Ainsi signé : Par le roy, à la relacion du conseil. N. du Brueil. — Visa. Contentor. P. Le Picart.


1 Jean Berlant, écuyer, seigneur de Jeu, né en 1386, puisqu’il avait soixante ans à la date de ces lettres, marié vers 1420 à Catherine de Jeu. D’après la généalogie imprimée dans la nouv. édit. du Dictionnaire des familles du Poitou, il aurait été fils d’autre Jean, écuyer, sr de Jeu, et de Jeanne de Jeu. Il y a là une erreur que permet de rectifier le texte d’un accord du 29 août 1429, homologué au Parlement de Poitiers. (Arch. nat., X1c 138, à la date.) On lit dans cet acte que feu Simon Berlant, fils et héritier de feu Pierre Berlant, avait été en procès avec Gilles Bourgeois à propos de certains biens meubles et immeubles qui avaient appartenu à Philippe Boulanger, mère de Perrette Chauvais, femme dudit Gilles et depuis décédée, dont ledit Pierre Berlant avait eu autrefois la tutelle. Simon Berlant était mort avant le règlement de cette contestation, et ses enfants furent assignés devant le sénéchal de Poitou par Gilles Bourgeois. Ceux-ci étaient : Jean, Ithière, mariée dès lors à Jean de Couhé, écuyer, et Marie, qui épousa plus tard Pierre Prévost (avant le 7 avril 1432, Invent. des arch. du château de la Barre, t. II, p. 441). De ce texte il résulte que l’on doit réunir le § VI, dit branche de Châtellerault de la généalogie donnée par MM. Beauchet-Filleau, au § IV, branche de Jeu. On voit dans la rémission de novembre 1446 que Jean Berlant, sr de Jeu, eut au moins deux fils, Jean, le jeune, et Olivier. L’aîné était marié, depuis l’année précédente environ, avec Marie de Combarel, fille de François, chevalier, sr de Noaillé et de la Chèze, capitaine de Chauvigny, et de Jacquette de Mons. On ne sait rien du cadet.

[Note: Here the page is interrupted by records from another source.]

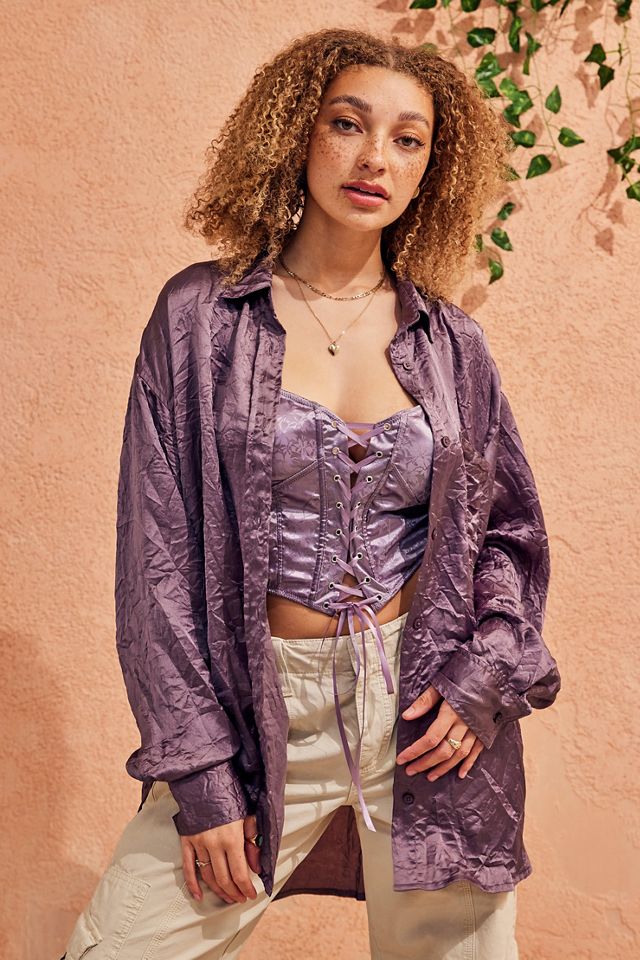 UO Sadie Crushed Satin Shirt  #1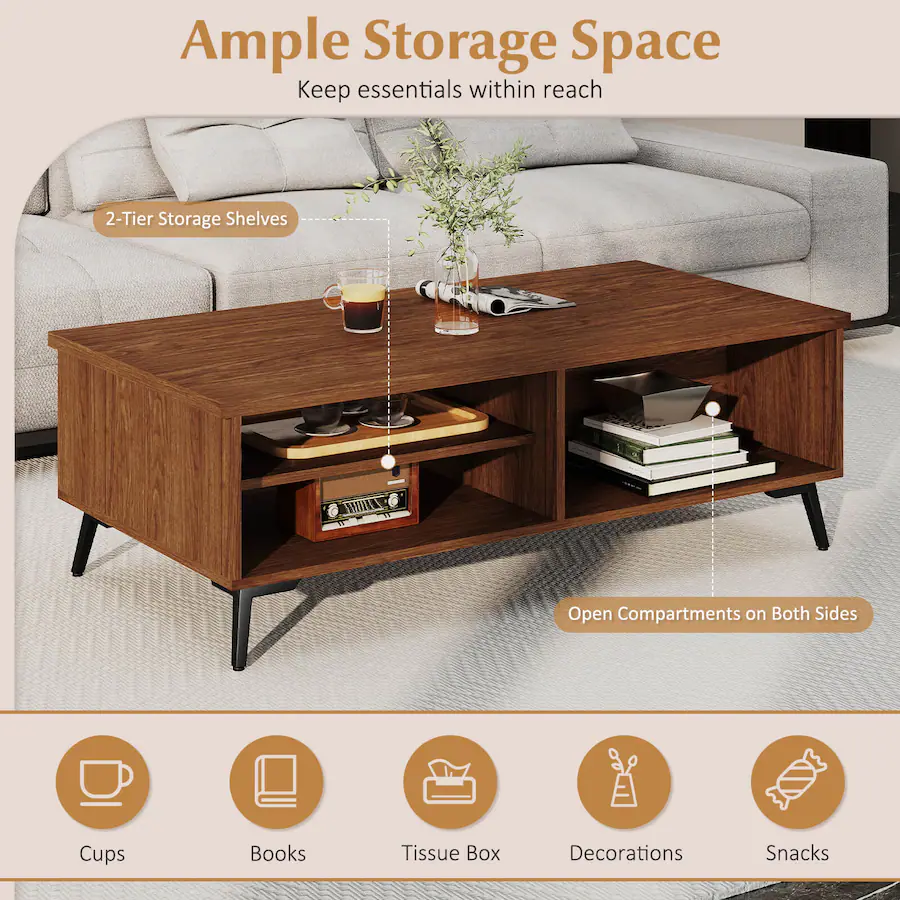 Costway 2 Tier Rectangular Center Table with Storage Shelves ...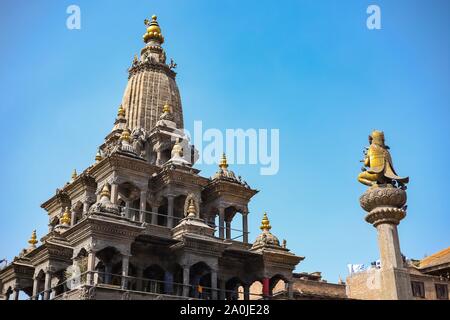 Krishna Temple at Patan Durbar Square Premises in Nepal Stock Photo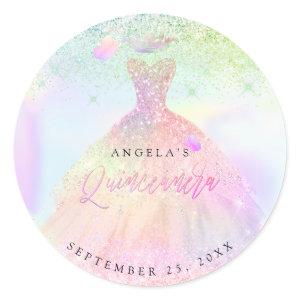 PixDezines Cotton Candy Holographic Quinceanera Classic Round Sticker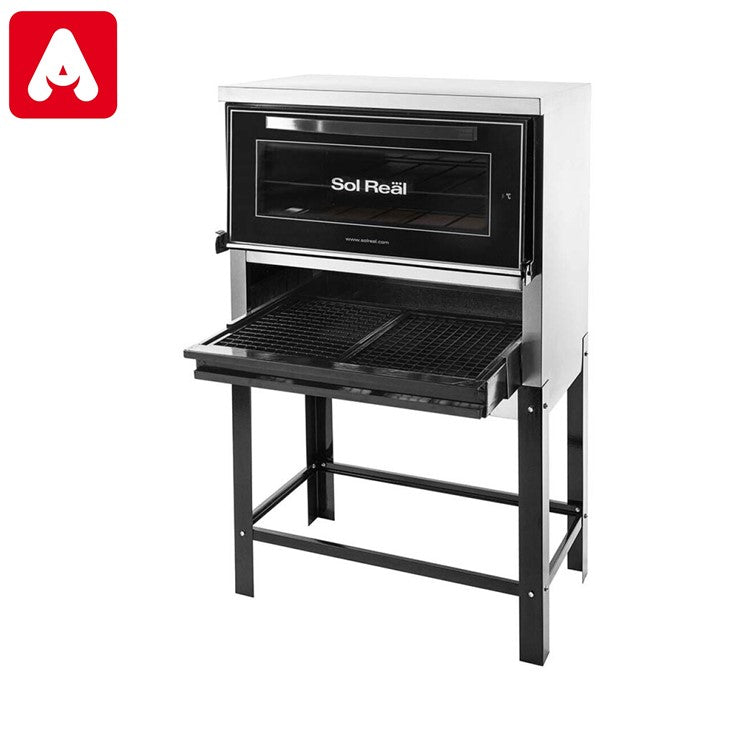 HORNO PIZZERO SOL REAL 667 GNVV H/VISOR 06 MOLDES GAS GN ACERO C/PARRILLA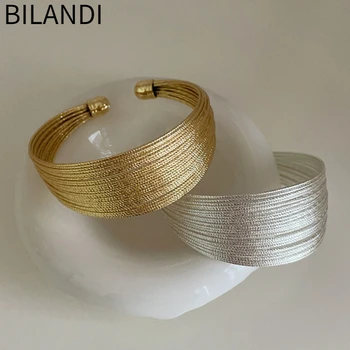 Модные украшения Bilandi, простой дизайн, Металлический браслет-манжета Senior Sense Для женщин, подарок для вечеринки для девочек, Горячая распродажа Изысканных аксессуаров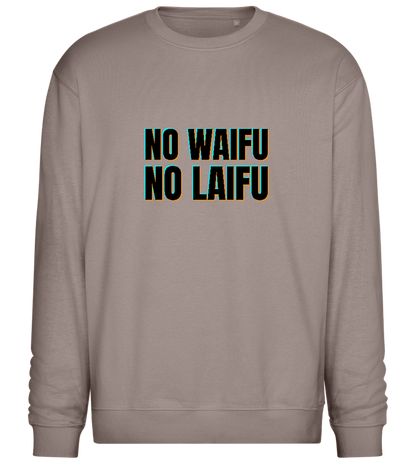 No Waifu No Laifu Design - Comfort Essential Unisex Sweater_CHARCOAL CHIN_front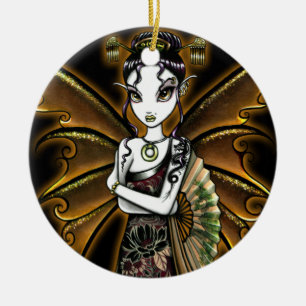 "Naomi" Oriental Fan Fairy Ornament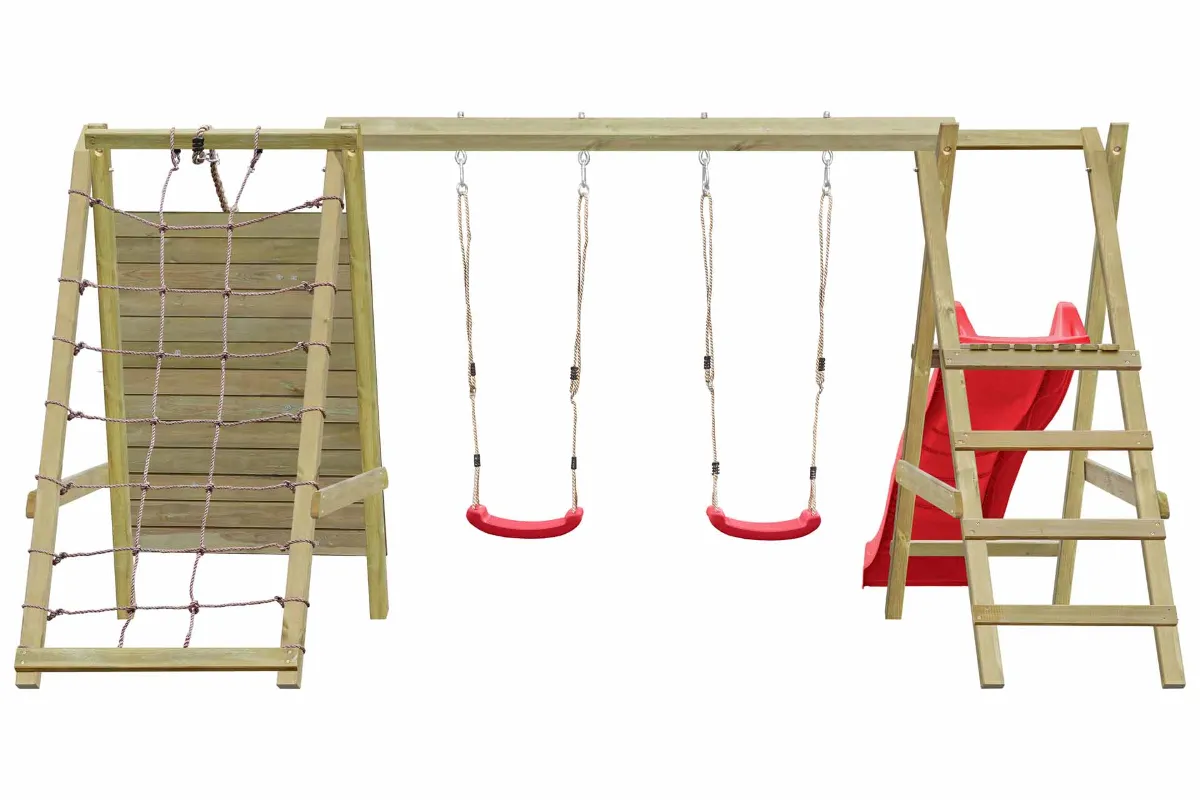 Doppelschaukel Sarah mit Kletternetz Kletterwand und roter Rutsche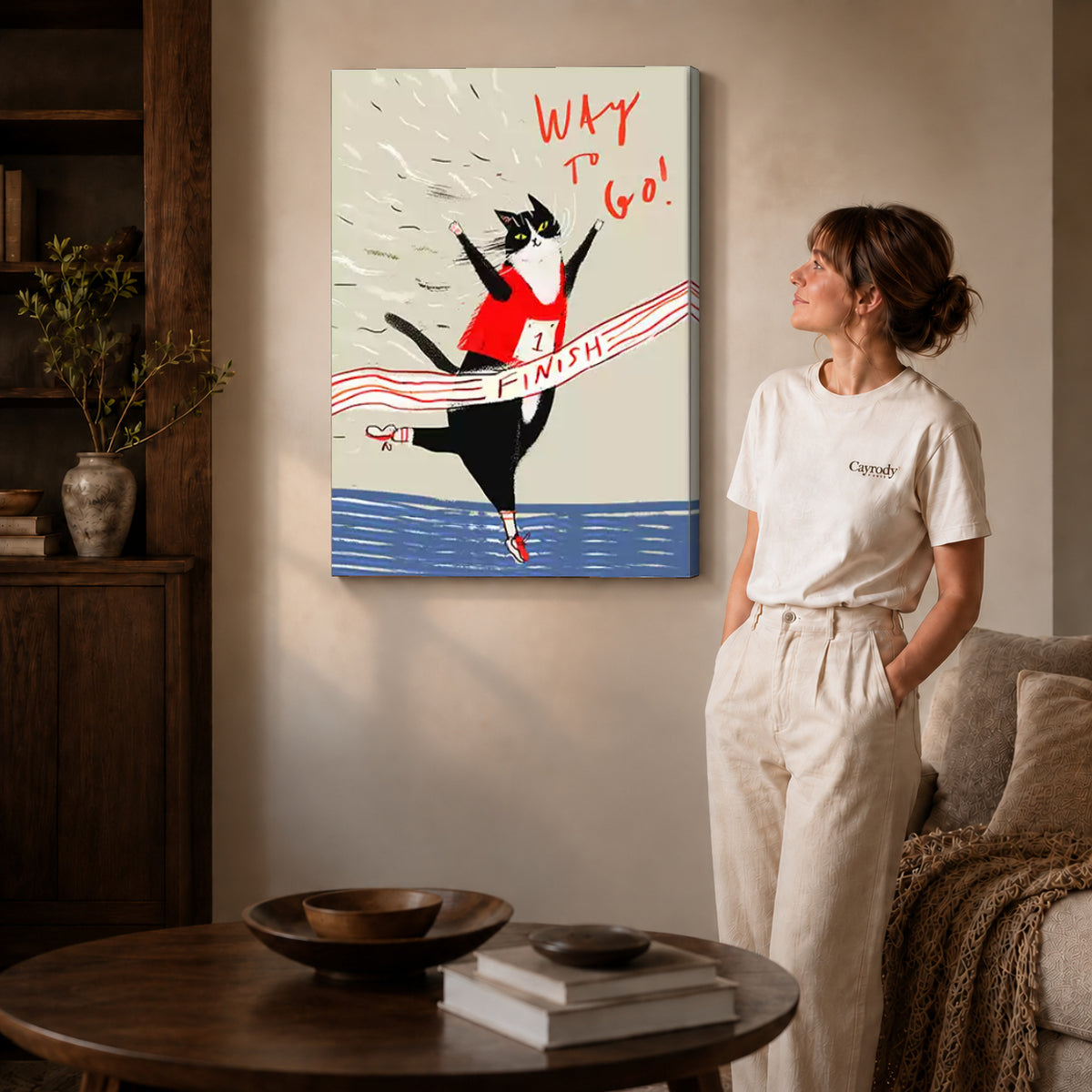 Gallery wrapped running cat canvas art room scene assigned to all six unframed wrapped canvas sizes.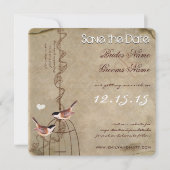Foto op achterkant Vogelkooi Save the Date Kaart (Voorkant)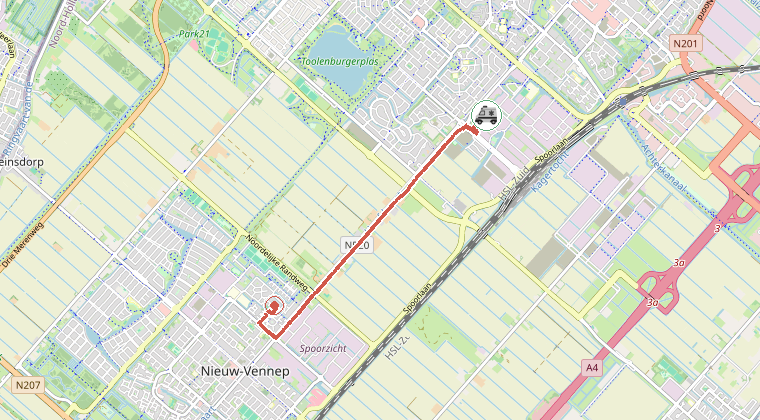 Kaart van de omgeving van de melding, met de kazerne die is gealarmeerd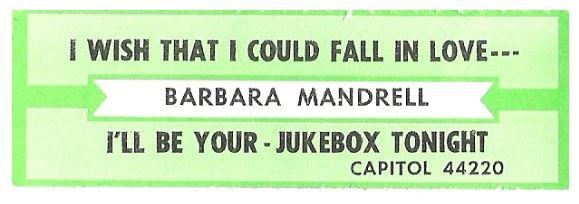 Mandrell, Barbara / I Wish That I Could Fall in Love Today | Capitol 44220 | Jukebox Title Strip | August 1988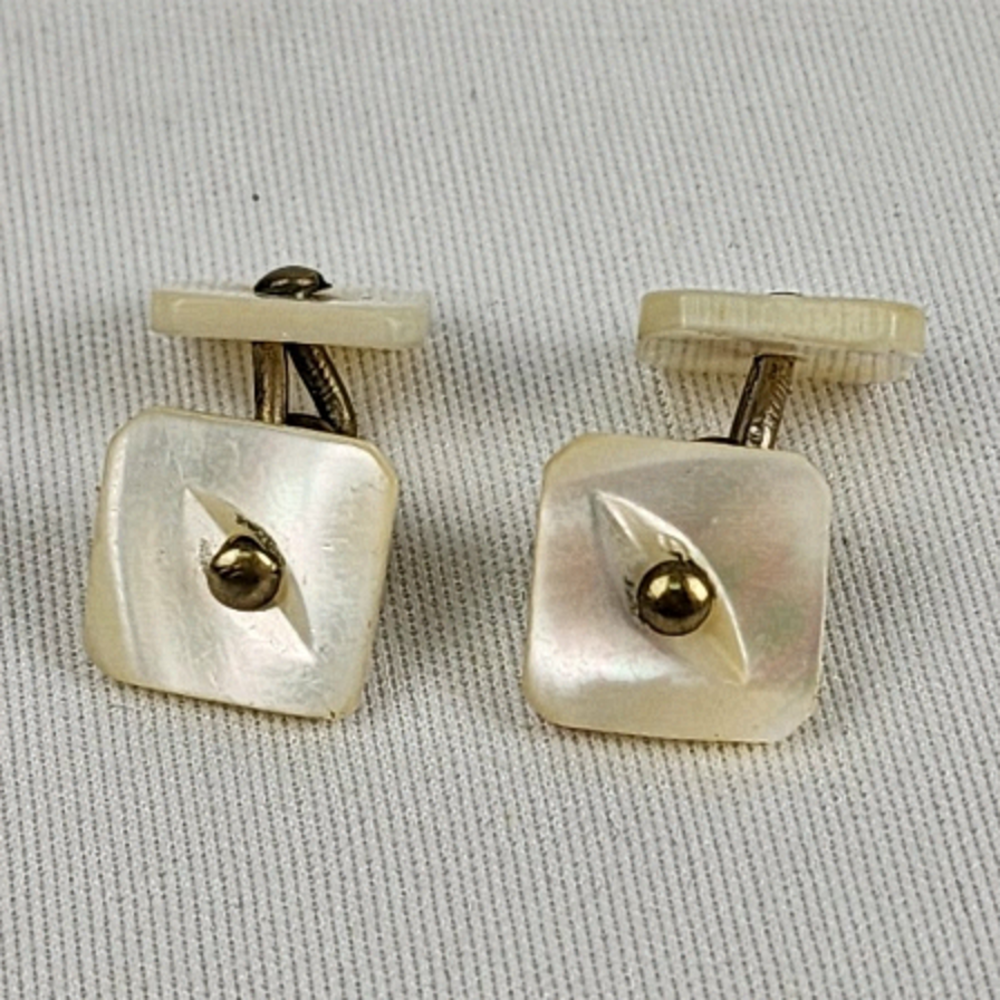 Vintage Abalone Schell Cuff Links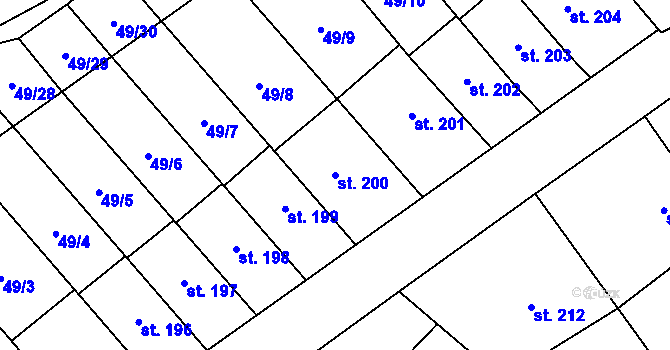 Parcela st. 200 v KÚ Vinary u Přerova, Katastrální mapa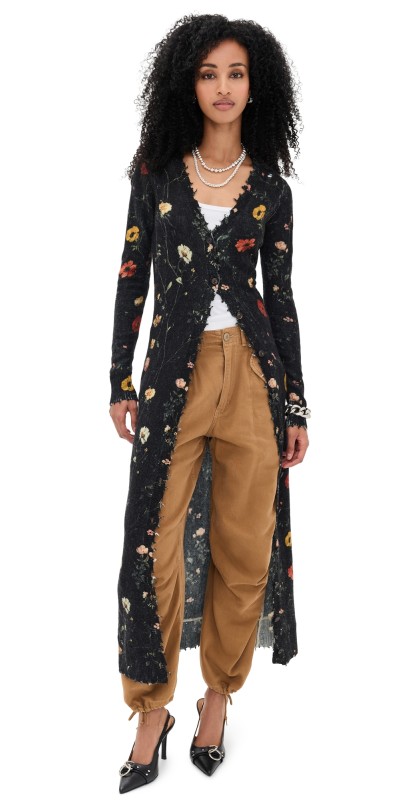 R13 Printed Skinny Long Cardigan Floral On Black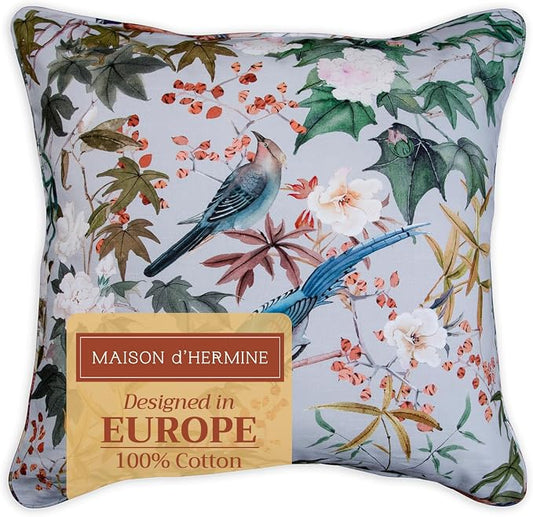 Maison d' Hermine Throw Pillow Covers 100% Cotton (20" x 20" - Pack of 1)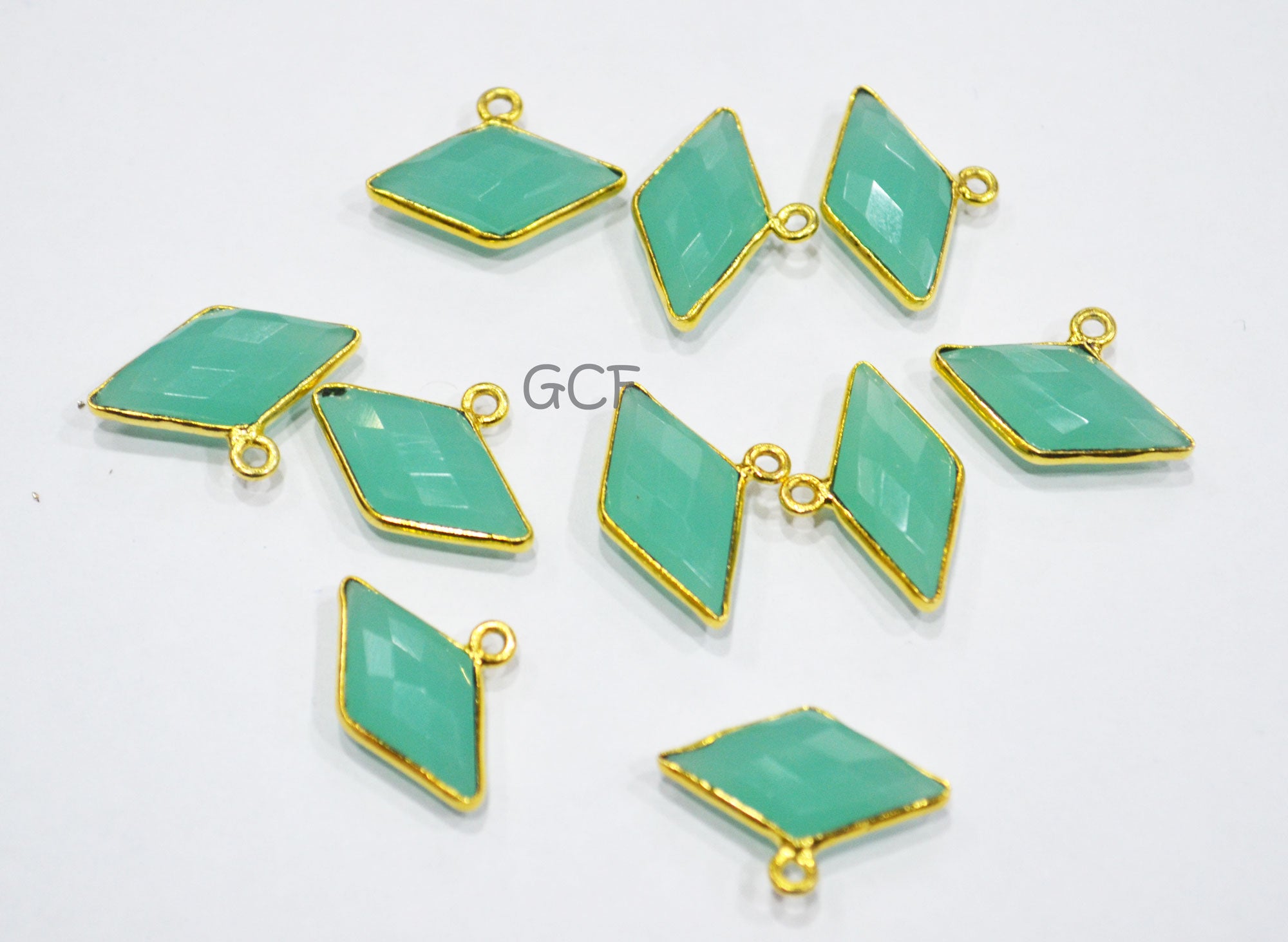 Aqua Chalcedony Diamond Shape Single Bail Connector , Aqua Chalcedony Hydro Glass Faceted Connector , Sold By Piece , 10x20 mm , RB-6944A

2 La Gaubertière était un ancien fief mouvant de Montreuil-Bonnin, dont était seigneur, le 8 octobre 1364, un nommé Guillaume Pannet. (Aveu de cette date, Arch. nat., P. 1145, fol. 35 v°.) Il avait donné son nom à une famille, dont quelques membres, outre celui dont il s’agit ici, sont mentionnés dans des textes des premières années du xve siècle. Un autre Jean, aliàs Jacques, de la Gaubertière était prieur de Saint-Clémentin, et eut procès contre Jean de la Haye, écuyer, seigneur de Passavant, Clément de Montours, écuyer, Guillaume de Soussay, Jean Raflet, Nicolas Martineau, de Bressuire, etc. (Voir deux arrêts, l’un du 18 janvier 1413 n.s., le second, long et intéressant, du 18 janvier 1416 n.s., X1a 59, fol. 302 v° ; X1a 61, fol. 161 v°.) Nicolas de la Gaubertière était seigneur de la Chalopinière en Cirières, l’an 1393. (B. Ledain, Hist. de Bressuire, p. 404.) Pierre de la Gaubertière était garde du sceau aux contrats de la Roche-sur-Yon, de 1390 à 1394. (Cartulaire d’Orbestier, p. 246 et 327, note.)

3 Sic. Un membre de phrase a été omis ici par le copiste.

4 Les deux dernières lettres de ce nom sont douteuses. On pourrait lire aussi bien Valné ou Value. Ce qui nous a porté à l’imprimer sous cette forme Valut, c’est que l’on trouve dans un compte du 23 avril 1448 le nom d’un Guillaume de Velut (très lisiblement écrit), aussi sergent de la ville de Poitiers, qui avait été chargé à cette date d’aller mettre en état d’arrestation le capitaine de la Meilleraye et de l’amener à Poitiers. (Arch. nat., KK. 337, fol. 33 v°.)